PROBLEM REQUIREMENTS — With every picture left out, give the data below back exactly.

····················

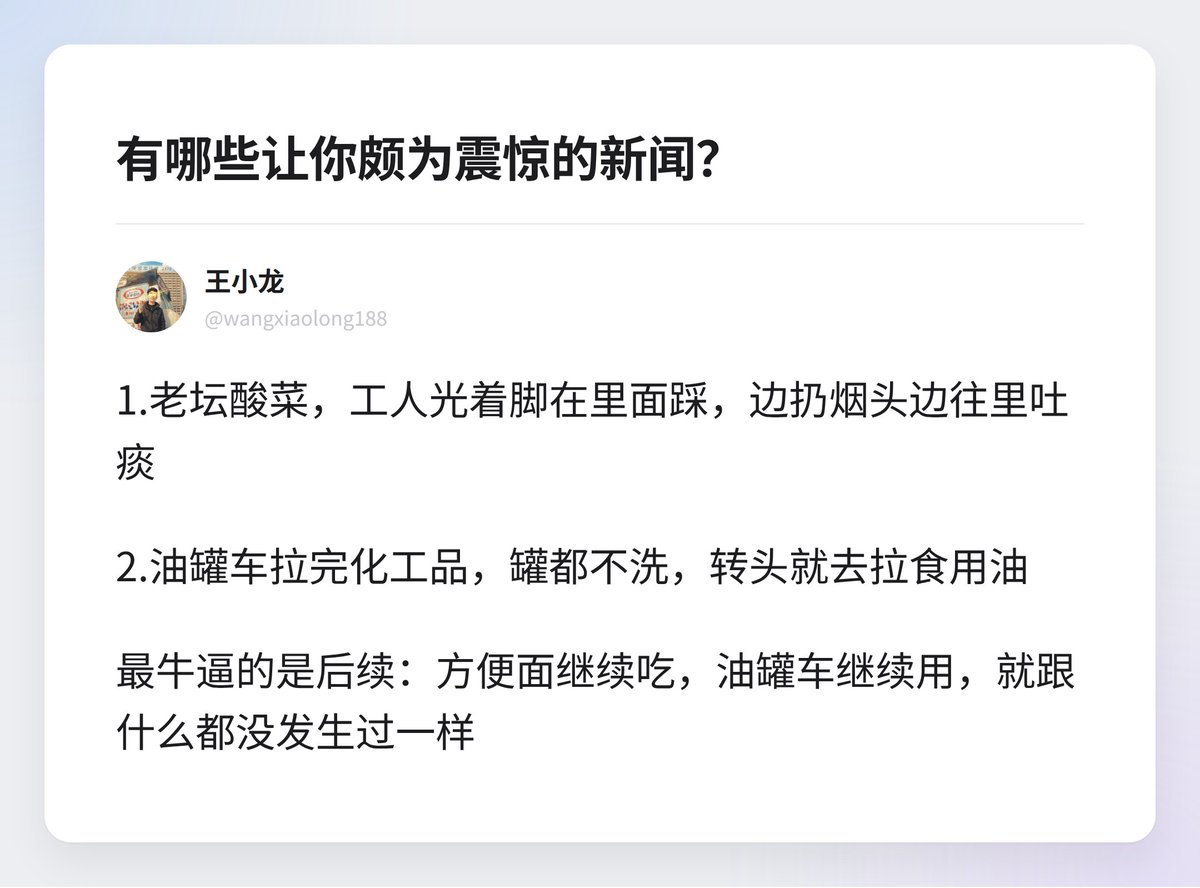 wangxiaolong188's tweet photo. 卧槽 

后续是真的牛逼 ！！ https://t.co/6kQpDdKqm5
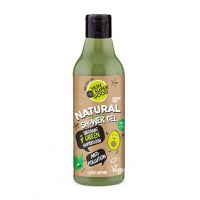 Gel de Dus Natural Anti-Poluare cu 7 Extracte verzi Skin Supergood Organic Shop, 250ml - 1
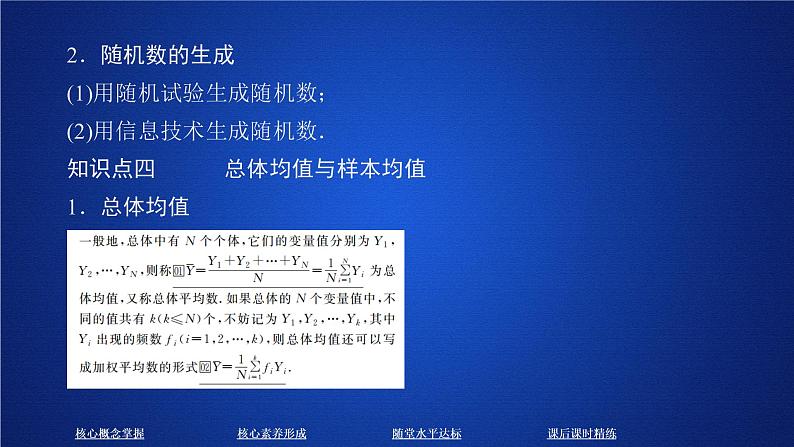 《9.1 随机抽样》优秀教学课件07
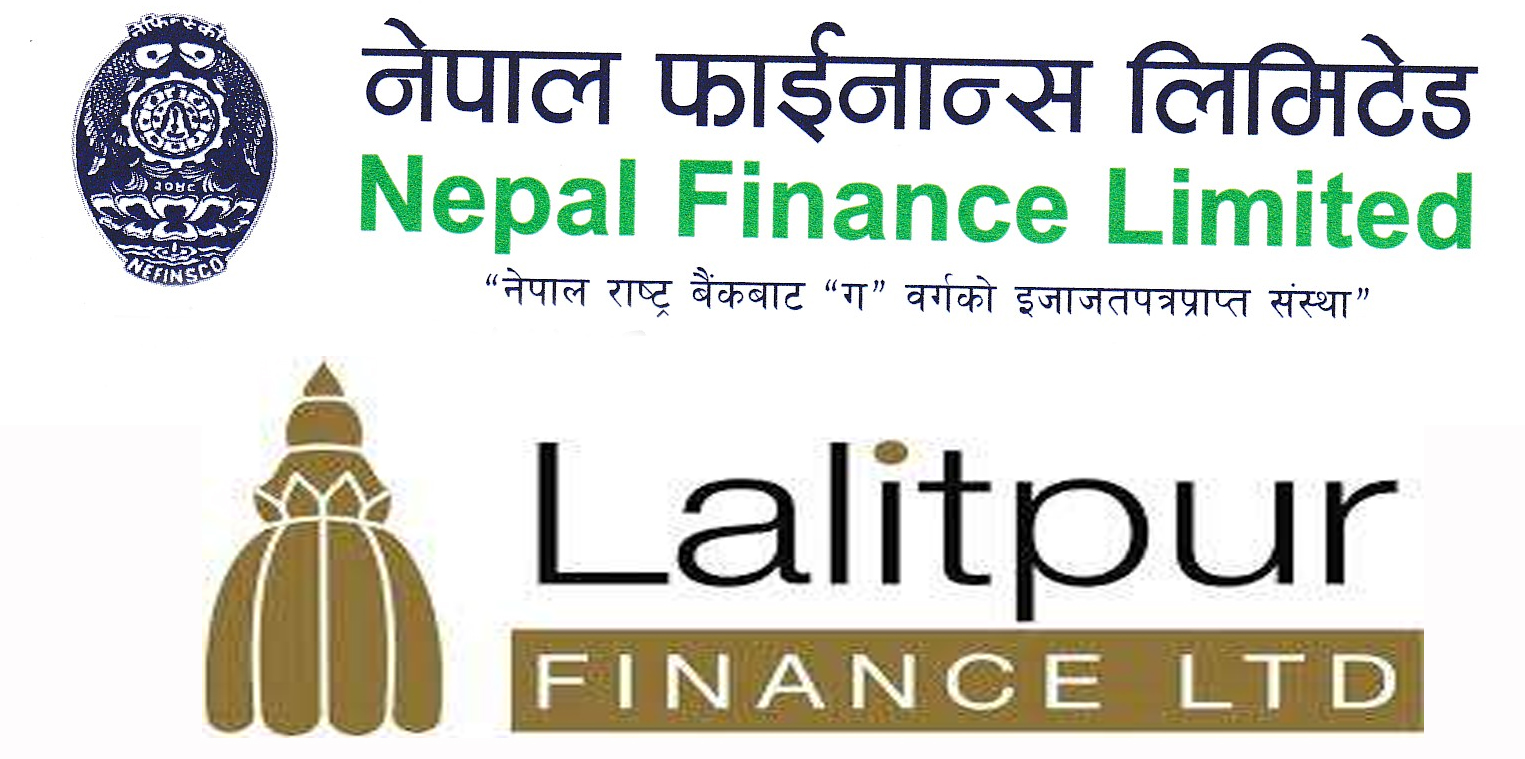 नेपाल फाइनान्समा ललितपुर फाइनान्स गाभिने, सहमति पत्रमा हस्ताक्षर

····················

FINAL ANSWER —
 wangxiaolong188's tweet photo. 卧槽 

后续是真的牛逼 ！！ https://t.co/6kQpDdKqm5
 Gel de Dus Natural Anti-Poluare cu 7 Extracte verzi Skin Supergood Organic Shop, 250ml - 1
 《9.1 随机抽样》优秀教学课件07
 नेपाल फाइनान्समा ललितपुर फाइनान्स गाभिने, सहमति पत्रमा हस्ताक्षर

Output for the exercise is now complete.